And amid all this, suddenly a beautiful cub with white fur appears – It has round eyes and a pink nose and a face as yet unaltered by fear and suffering, and it gazes into the camera with quiet curiosity. A few weeks later, when they come to take it to the killing rooms and electrocute it, fear will extinguish that curious gaze and make its body excrete feces and urine, and the whole six months of its life – the licks from its mother and the warmth of her body, the loneliness of the final desperate wail, and that one moment of mercy when the photographer looked into its eyes and sighed heavily, “Oh baby,” will be reduced to luxury goods in the opulent shops of Kopenhagen Fur.

The furs are assiduously cleaned so the stench of death won’t permeate the fashion shows put on by the fur industry. And it’s the politicians who serve it who are responsible for trying to cover up the stench of greed: Shama Hacohen and Moses, who discovered during their pleasure trip to Denmark that opponents of the fur industry are really anti-Semites; the Foreign Ministry under Avigdor Lieberman, which informed the MKs that a paper from the National Security Council says the law would endanger Israel as well as the acclaimed democracy of Denmark, which managed to thwart a bill in the parliament of another supposedly democratic country.
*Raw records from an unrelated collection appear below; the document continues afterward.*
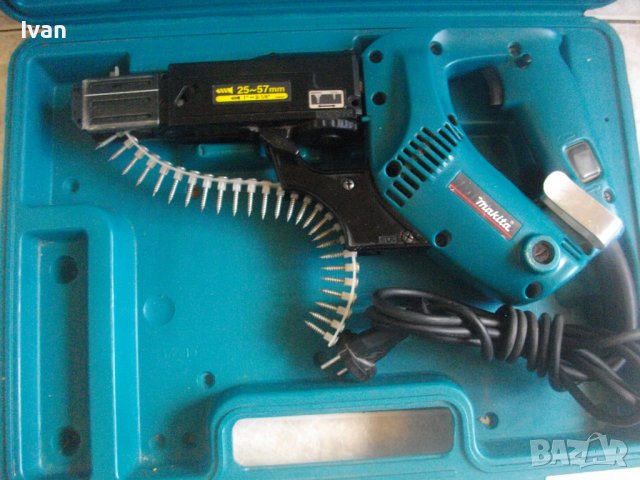 Made in JAPAN-MAKITA 6834-Отвертка Серийно Завинтване Винтове 25-57 mm-Макита-Оригинал Японска-470W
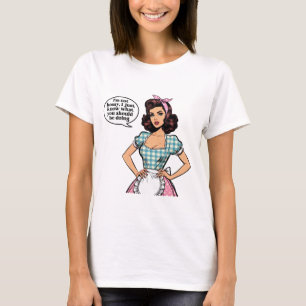 I’m Not Bossy – Sarcastic Girl T-Shirt
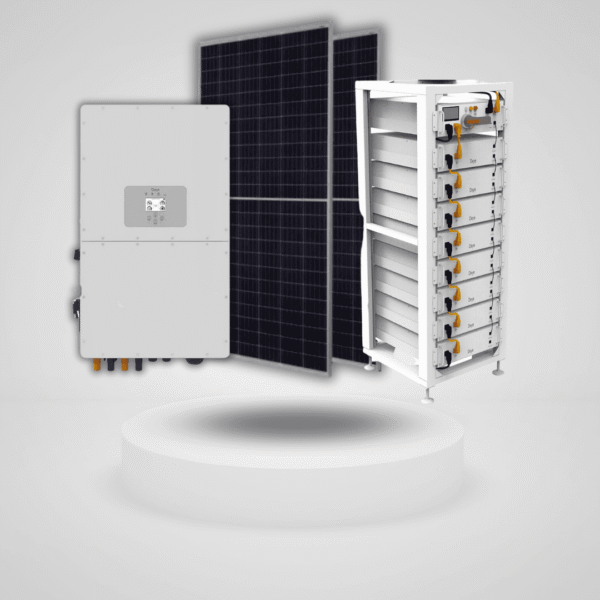 50kW Deye H/V 61.44kWh Solar Pack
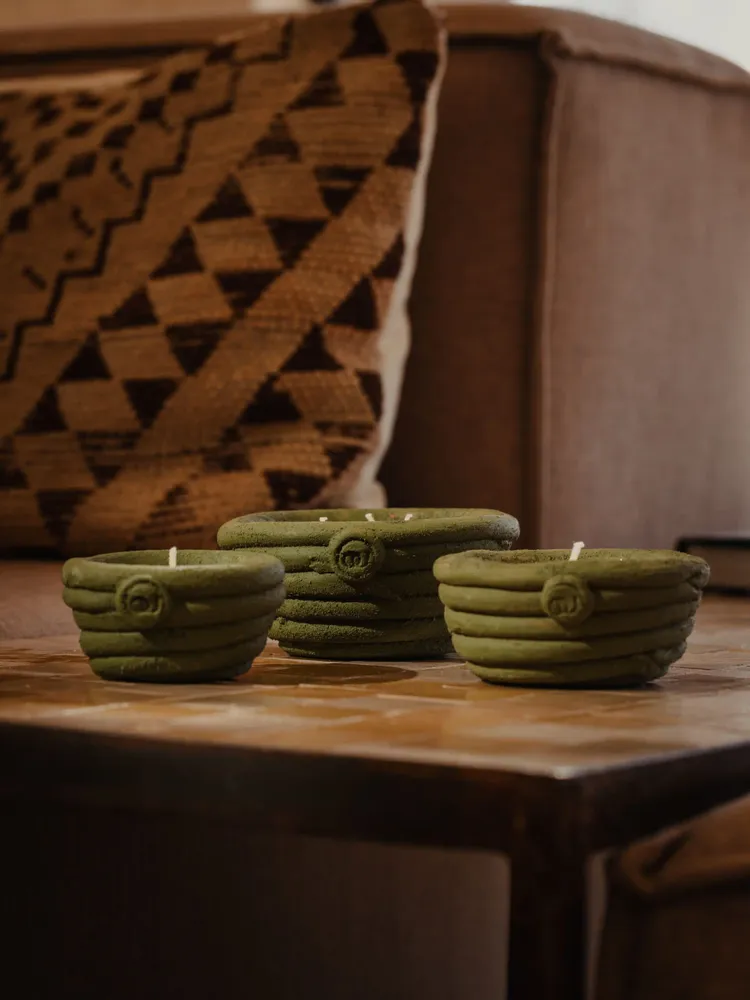 Bougies - Bougie Terrae Fleur de Cactus - LOULE INTERIEUR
In December 2013, just before the bill was brought to a vote, the prime minister instructed the coalition members to vote against. The International Anti-Fur Coalition headed by Halevy, which together with Anonymous for Animal Rights and Let The Animals Live, led the animal rights organizations’ battle on behalf of the bill, saw that it wouldn’t pass, and MK Ruth Calderon, who brought up the bill (Tirosh was no longer in the Knesset), withdrew it.